EXERCISE INSTRUCTIONS:
Copy out the lines beginning at the one with "Simply Love Full" and ending at the last line of the data, both included; pictures stay out.

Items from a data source
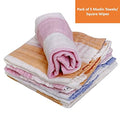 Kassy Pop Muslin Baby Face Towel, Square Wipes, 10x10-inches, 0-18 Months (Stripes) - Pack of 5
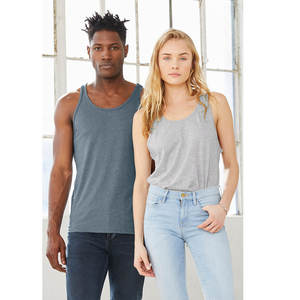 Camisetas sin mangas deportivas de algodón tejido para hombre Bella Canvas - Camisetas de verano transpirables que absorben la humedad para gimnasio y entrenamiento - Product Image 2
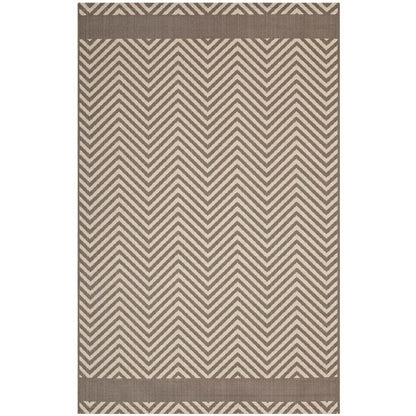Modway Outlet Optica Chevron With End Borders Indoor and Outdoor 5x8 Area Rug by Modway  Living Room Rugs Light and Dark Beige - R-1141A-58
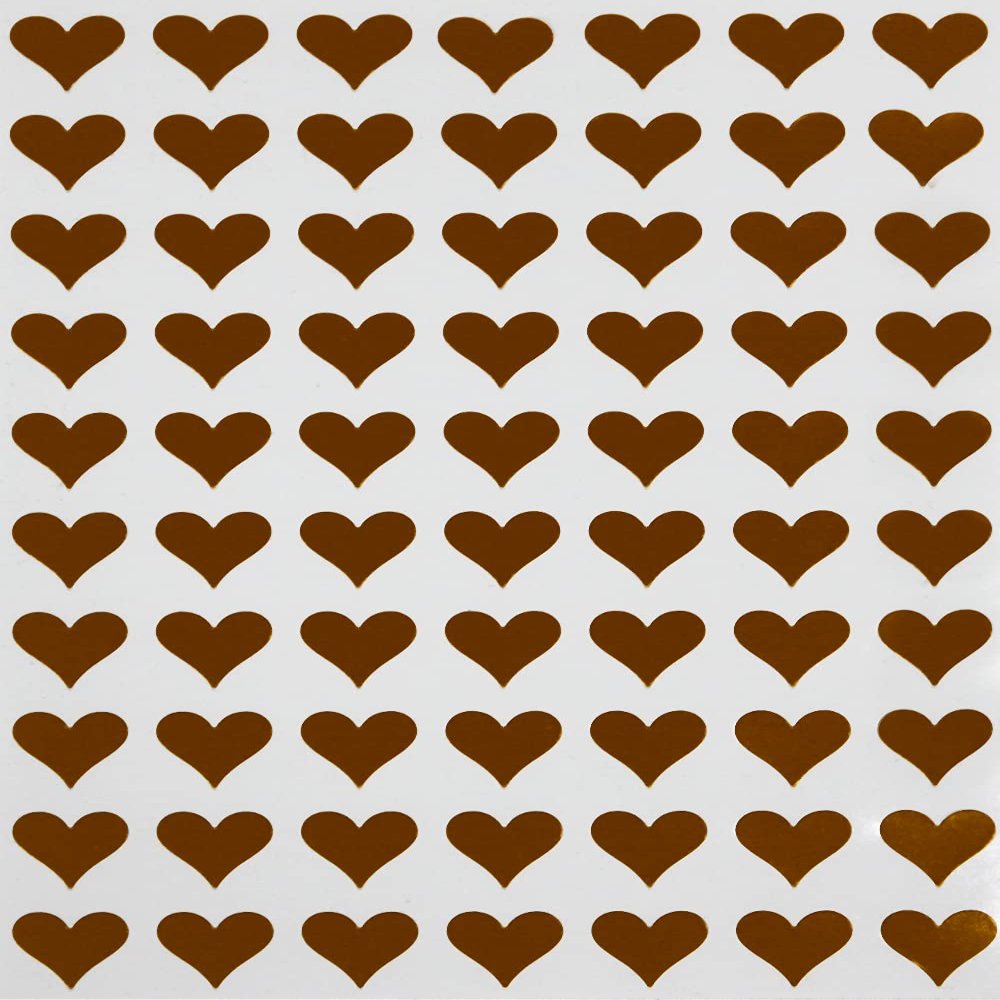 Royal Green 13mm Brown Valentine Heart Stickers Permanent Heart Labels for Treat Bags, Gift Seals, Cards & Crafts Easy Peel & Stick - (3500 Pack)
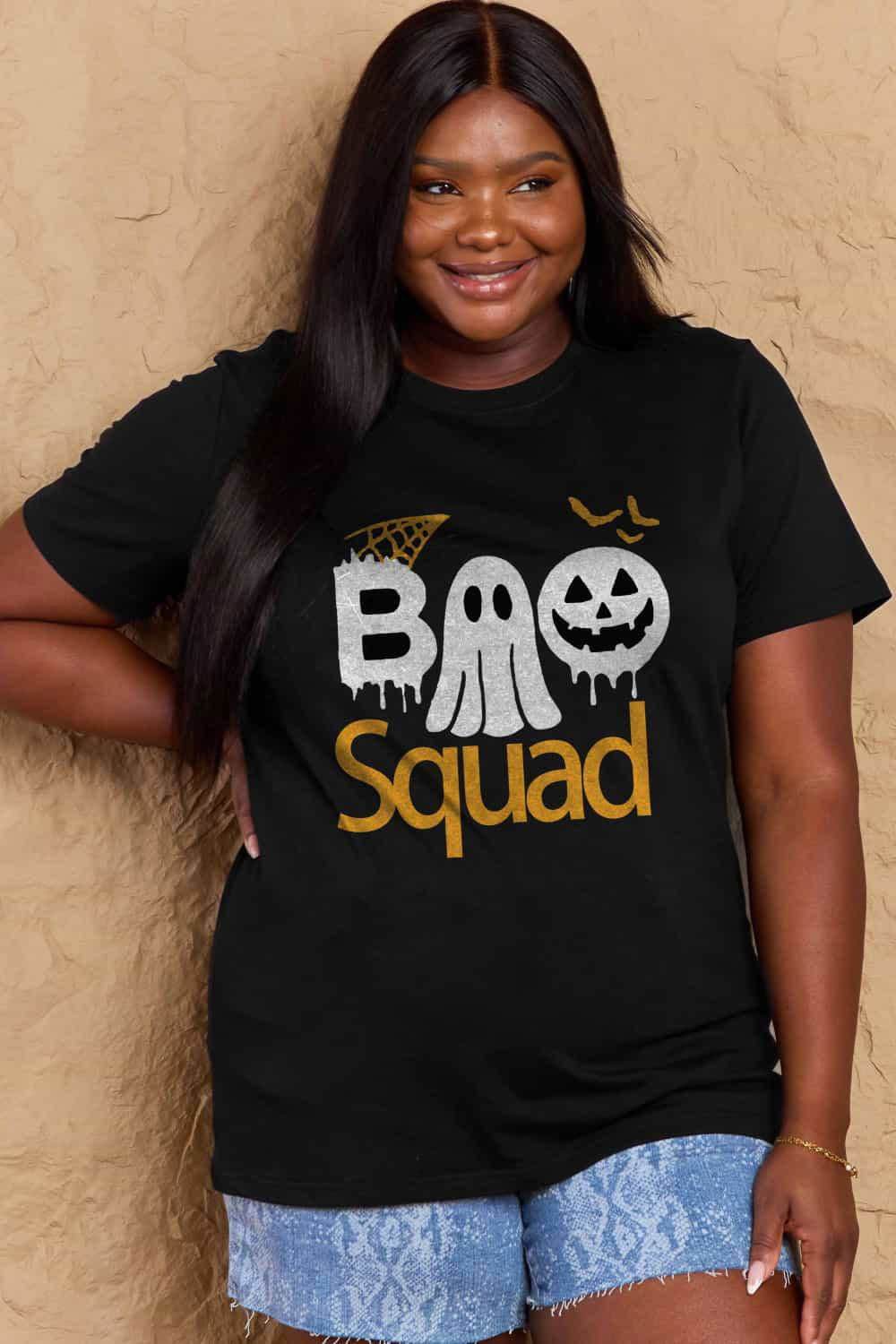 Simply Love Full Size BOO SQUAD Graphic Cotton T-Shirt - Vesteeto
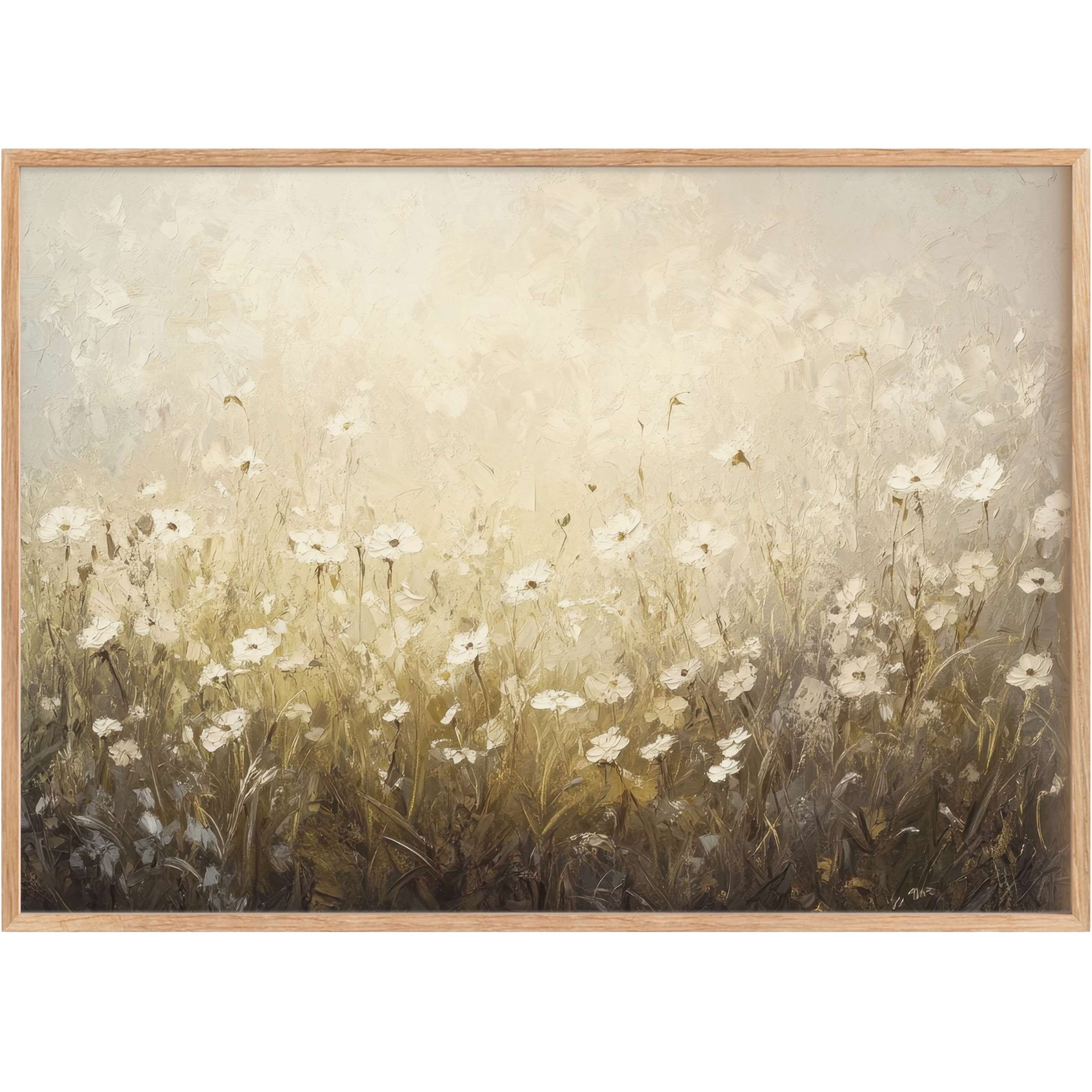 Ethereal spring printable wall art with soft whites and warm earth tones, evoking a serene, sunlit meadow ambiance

RESPONSE TO THE EXERCISE:
 Simply Love Full Size BOO SQUAD Graphic Cotton T-Shirt - Vesteeto
 Ethereal spring printable wall art with soft whites and warm earth tones, evoking a serene, sunlit meadow ambiance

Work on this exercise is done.